L6: Decision Making and Behavior Planning

Bridge: From Individual Components to Intelligent Behavior

Learning Objectives

  • Design decision-making frameworks under uncertainty

  • Implement behavioral planning strategies

  • Handle multi-agent interactions

  • Ensure safety in critical scenarios

Outline

Part 1: Decision Making Under Uncertainty

Introduces probabilistic and logic-based decision frameworks including Markov Decision Processes (MDPs), Partially Observable MDPs (POMDPs), and Bayesian networks.

Part 2: Behavioral Planning Architectures

Discusses rule-based, state-machine, and hierarchical behavior planners. Covers decision layering and interaction between planning and prediction modules.

Part 3: Multi-Agent Reasoning

Explores coordination among multiple vehicles using game theory, cooperative and non-cooperative strategies, and intent inference models.

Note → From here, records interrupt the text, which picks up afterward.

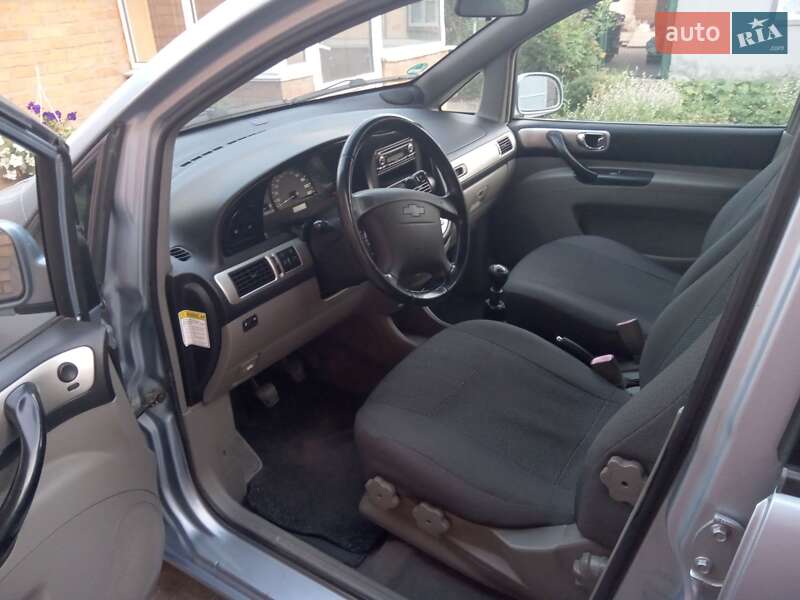 Мінівен Chevrolet Tacuma 2008 в Козятині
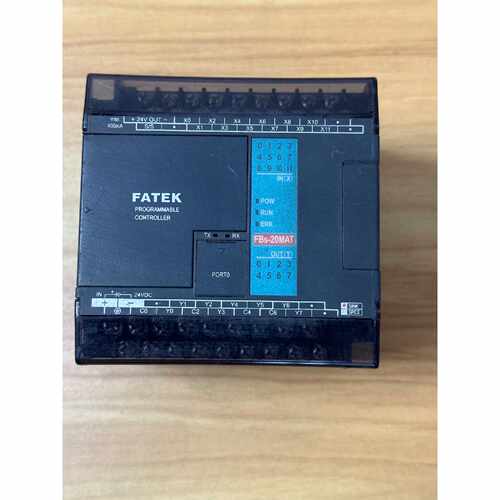 【议价-可维修】永宏plc FBS-20MATU-D 全新/二手均有货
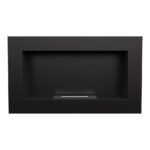 Biokominek Golf Czarny Kratki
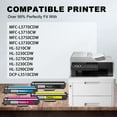 thumbnail image 3 of TN223 Toner Cartridge Compatible for Brother TN-223BK Toner for MFC-L3770CDW Printer（5PK）, 3 of 5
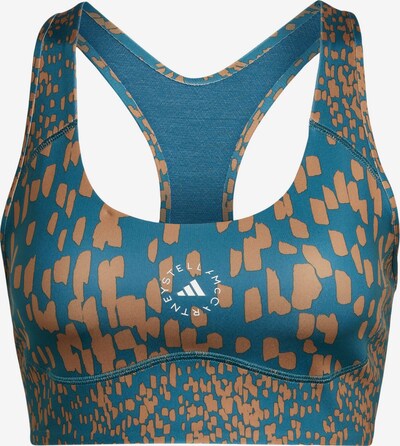 ADIDAS BY STELLA MCCARTNEY Soutien-gorge de sport en beige / bleu, Vue avec produit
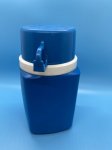 画像4: Peanuts Snoopy Blue Plastic Thermos /  スヌーピーのプラスチック製青いサーモス、水筒 (4)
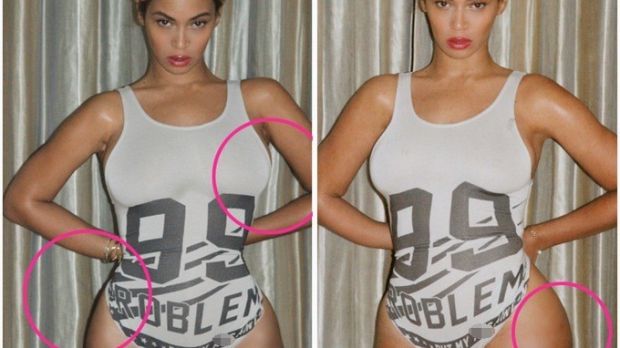Beyonce’s got 99 problems but Photoshop ain’t one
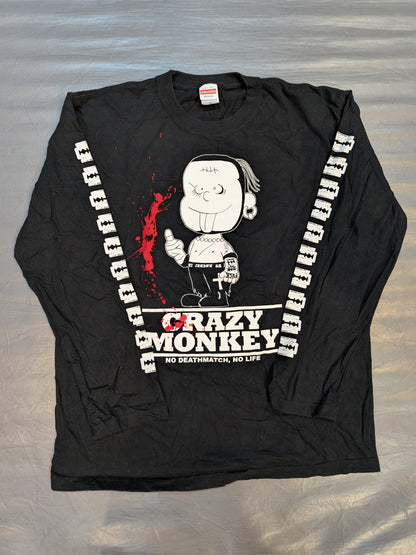 ★ Salzaman Illustrated ★ by Jun Kasai Illustration Strong Sleeve T-Shirt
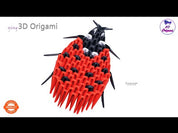 Creagami - Set origami 3D, Buburuză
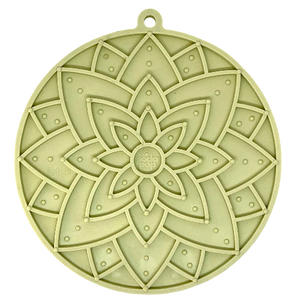 SodaPup Lotus Design Emat Enrichment Licking Mat - Pastel Green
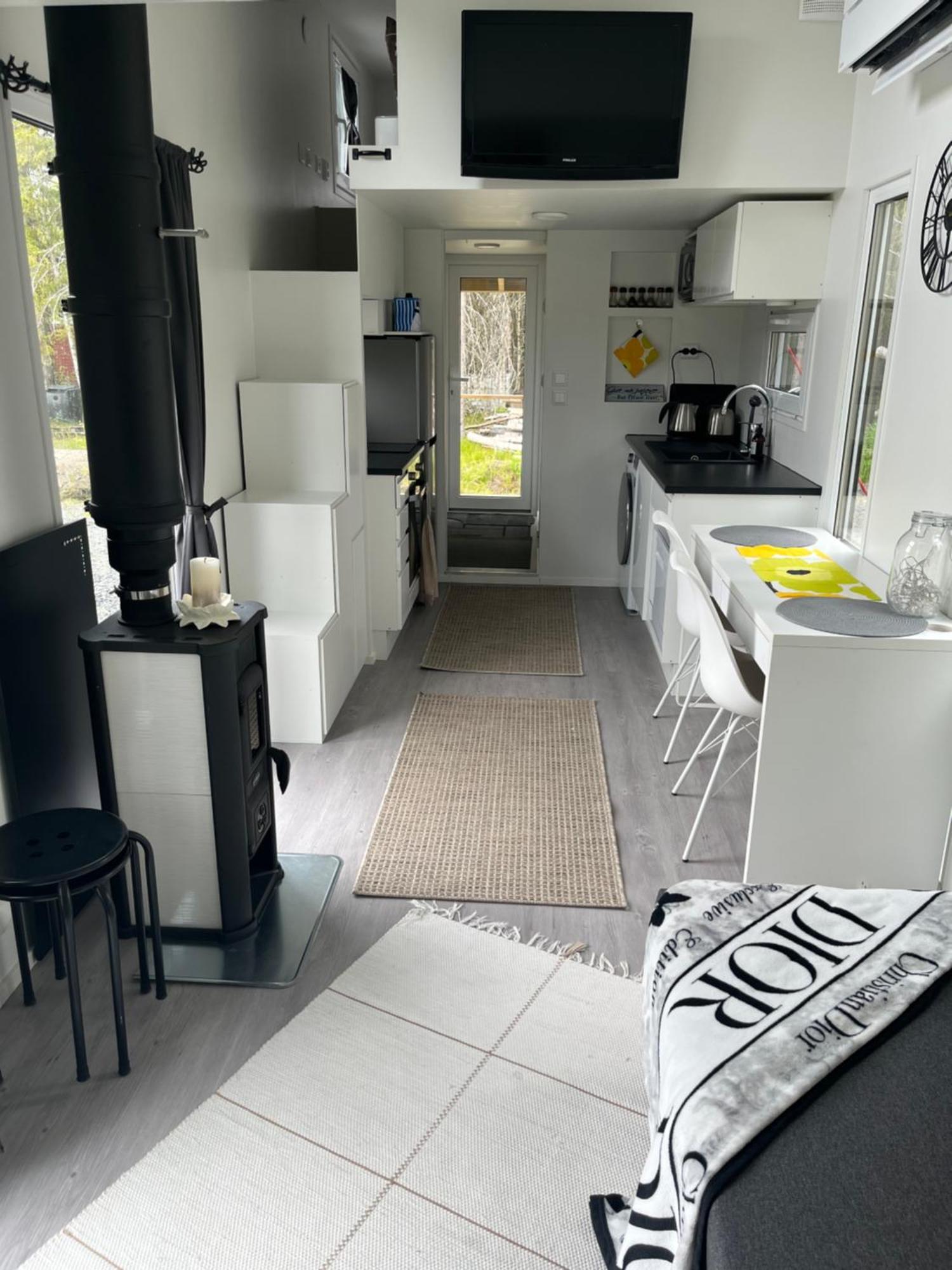 Luxus Tiny House Saagala Villa Tornio Dış mekan fotoğraf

Part 4: Safety-Critical Decision Making

Focuses on risk assessment, emergency maneuvers, and formal safety verification methods. Emphasizes compliance with safety envelopes and fail-safe transitions.

Part 5: Real-World Deployment Challenges

Examines challenges in uncertain, unstructured environments such as occlusions, adversarial behaviors, and human unpredictability. Highlights robustness and scalability concerns.